━━━━━ RECORDS ━━━━━

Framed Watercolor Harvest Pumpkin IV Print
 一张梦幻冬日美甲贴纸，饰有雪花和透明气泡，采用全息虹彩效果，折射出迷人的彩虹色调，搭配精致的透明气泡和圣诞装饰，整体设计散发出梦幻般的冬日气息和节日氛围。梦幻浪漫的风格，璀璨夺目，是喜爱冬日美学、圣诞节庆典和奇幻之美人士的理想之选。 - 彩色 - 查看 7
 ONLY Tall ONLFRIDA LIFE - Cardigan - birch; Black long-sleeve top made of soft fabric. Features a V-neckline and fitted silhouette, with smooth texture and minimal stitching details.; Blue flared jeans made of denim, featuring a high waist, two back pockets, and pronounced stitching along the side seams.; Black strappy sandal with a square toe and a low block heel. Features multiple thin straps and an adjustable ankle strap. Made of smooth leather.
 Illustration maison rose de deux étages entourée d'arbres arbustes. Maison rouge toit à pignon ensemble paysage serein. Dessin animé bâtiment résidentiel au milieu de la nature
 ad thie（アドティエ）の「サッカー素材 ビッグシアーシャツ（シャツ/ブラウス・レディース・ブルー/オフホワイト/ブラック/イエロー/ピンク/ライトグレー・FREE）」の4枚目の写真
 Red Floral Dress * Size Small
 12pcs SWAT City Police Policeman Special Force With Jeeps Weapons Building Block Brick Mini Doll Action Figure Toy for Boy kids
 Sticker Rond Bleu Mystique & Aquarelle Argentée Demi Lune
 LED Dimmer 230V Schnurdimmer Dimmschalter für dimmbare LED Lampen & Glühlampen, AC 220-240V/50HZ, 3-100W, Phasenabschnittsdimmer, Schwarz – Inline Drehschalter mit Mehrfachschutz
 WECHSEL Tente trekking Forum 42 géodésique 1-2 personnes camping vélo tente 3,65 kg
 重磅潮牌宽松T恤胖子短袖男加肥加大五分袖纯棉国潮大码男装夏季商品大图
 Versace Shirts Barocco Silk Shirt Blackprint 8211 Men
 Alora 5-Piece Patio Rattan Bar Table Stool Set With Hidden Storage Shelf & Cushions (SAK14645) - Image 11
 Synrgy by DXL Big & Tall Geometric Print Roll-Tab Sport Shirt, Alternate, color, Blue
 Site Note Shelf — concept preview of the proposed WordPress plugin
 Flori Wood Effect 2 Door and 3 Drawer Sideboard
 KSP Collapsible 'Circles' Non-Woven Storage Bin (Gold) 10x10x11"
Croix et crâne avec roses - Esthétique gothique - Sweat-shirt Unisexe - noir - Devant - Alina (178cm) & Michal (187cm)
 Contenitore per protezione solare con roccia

━━━━━

◆ **TASK PROMPT**: Would you please return all lines from the listing above that contain "Blue"?

◆ **TASK RESULT**:
 ONLY Tall ONLFRIDA LIFE - Cardigan - birch; Black long-sleeve top made of soft fabric. Features a V-neckline and fitted silhouette, with smooth texture and minimal stitching details.; Blue flared jeans made of denim, featuring a high waist, two back pockets, and pronounced stitching along the side seams.; Black strappy sandal with a square toe and a low block heel. Features multiple thin straps and an adjustable ankle strap. Made of smooth leather.
 Synrgy by DXL Big & Tall Geometric Print Roll-Tab Sport Shirt, Alternate, color, Blue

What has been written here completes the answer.